TRIGGER_ID=$(soat create-trigger \
--project-id "$PROJECT_ID" \
--name "run-daily-cycle" \
--type manual \
--target-type orchestration \
--target-id "$ORCH_ID" \
--input '{"cycle":"daily"}' | jq -r '.id')
echo "Trigger: $TRIGGER_ID"

Step 5 — Fire the trigger and inspect the firing

Firing a manual trigger runs the target synchronously and returns a terminal firing record. The fire-time input is merged over the trigger's static input. Each firing is retained for auditing.

FIRING_ID=$(soat fire-trigger --trigger-id "$TRIGGER_ID" \
--input '{"cycle":"2025-01-01"}' | jq -r '.id')
echo "Firing: $FIRING_ID"

# Inspect the terminal firing record (status is succeeded/failed).
soat get-trigger-firing --firing-id "$FIRING_ID"

# List all firings for this trigger.
soat list-trigger-firings --trigger-id "$TRIGGER_ID"

Step 6 — Schedule the same flow with cron

A schedule trigger fires on a cron cadence instead of on demand. The cron field is a strict 5-field UTC expression; the server computes next_fire_at and a background poller fires due triggers exactly once, coalescing missed occurrences. See Triggers — Schedules and Misfire Coalescing.

SCHEDULE_ID=$(soat create-trigger \
--project-id "$PROJECT_ID" \
--name "daily-cycle-8am" \
--type schedule \
--target-type orchestration \
--target-id "$ORCH_ID" \
--cron "0 8 * * *" \
--input '{"cycle":"scheduled"}' | jq -r '.id')

# next_fire_at is server-computed in UTC.
soat get-trigger --trigger-id "$SCHEDULE_ID"

The scheduler fires this trigger automatically; you do not fire it yourself.


Step 7 — Trigger from an inbound webhook

A webhook trigger is fired by an external system POSTing to a public inbound endpoint.
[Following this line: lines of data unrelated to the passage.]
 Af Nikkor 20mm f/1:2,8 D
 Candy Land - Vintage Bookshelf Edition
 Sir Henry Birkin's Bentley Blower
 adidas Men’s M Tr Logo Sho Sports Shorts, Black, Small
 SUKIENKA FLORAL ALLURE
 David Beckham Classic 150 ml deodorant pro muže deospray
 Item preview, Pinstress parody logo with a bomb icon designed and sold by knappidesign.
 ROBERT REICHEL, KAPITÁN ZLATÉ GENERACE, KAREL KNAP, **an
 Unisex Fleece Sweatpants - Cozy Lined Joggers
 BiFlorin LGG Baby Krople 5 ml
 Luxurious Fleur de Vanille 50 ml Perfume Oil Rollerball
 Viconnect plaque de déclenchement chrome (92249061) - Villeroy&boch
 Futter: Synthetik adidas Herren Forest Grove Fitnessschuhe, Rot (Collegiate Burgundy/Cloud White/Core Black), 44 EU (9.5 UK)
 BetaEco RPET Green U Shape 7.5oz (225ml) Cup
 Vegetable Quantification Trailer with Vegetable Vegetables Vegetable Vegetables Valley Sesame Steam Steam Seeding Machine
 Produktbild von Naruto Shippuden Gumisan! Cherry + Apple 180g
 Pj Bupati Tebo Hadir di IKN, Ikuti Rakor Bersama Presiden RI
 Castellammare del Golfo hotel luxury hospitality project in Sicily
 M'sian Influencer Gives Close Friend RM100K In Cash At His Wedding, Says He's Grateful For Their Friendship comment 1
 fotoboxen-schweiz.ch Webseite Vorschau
Creating one returns a signing secret (also retrievable with get-trigger-secret and replaceable with rotate-trigger-secret). See Triggers — Inbound Webhook Endpoint. This is the inbound counterpart to outbound Webhooks.

WEBHOOK_TRIGGER_ID=$(soat create-trigger \
--project-id "$PROJECT_ID" \
--name "cycle-on-webhook" \
--type webhook \
--target-type orchestration \
--target-id "$ORCH_ID" | jq -r '.id')

# Retrieve the current signing secret (webhook triggers only).
soat get-trigger-secret --trigger-id "$WEBHOOK_TRIGGER_ID"

# Rotate it when it may have leaked.
soat rotate-trigger-secret --trigger-id "$WEBHOOK_TRIGGER_ID"

The inbound POST /hooks/triggers/{trigger_id} call is made by the external system, not the SOAT CLI — it carries no bearer token and is authenticated solely by the X-Soat-Signature HMAC header over the raw request body.


Recap

You bound one orchestration to three different starters:

  • a manual trigger you fired on demand and audited via its firing record;
  • a schedule trigger the built-in poller fires on a cron cadence;
  • a webhook trigger an external system fires with an HMAC-signed inbound request.

The same pattern works with target_type: agent and target_type: tool. To ship a trigger alongside the resource it activates as a single deployable stack, declare it as a trigger resource in a Formation template — see Triggers — Formation Support.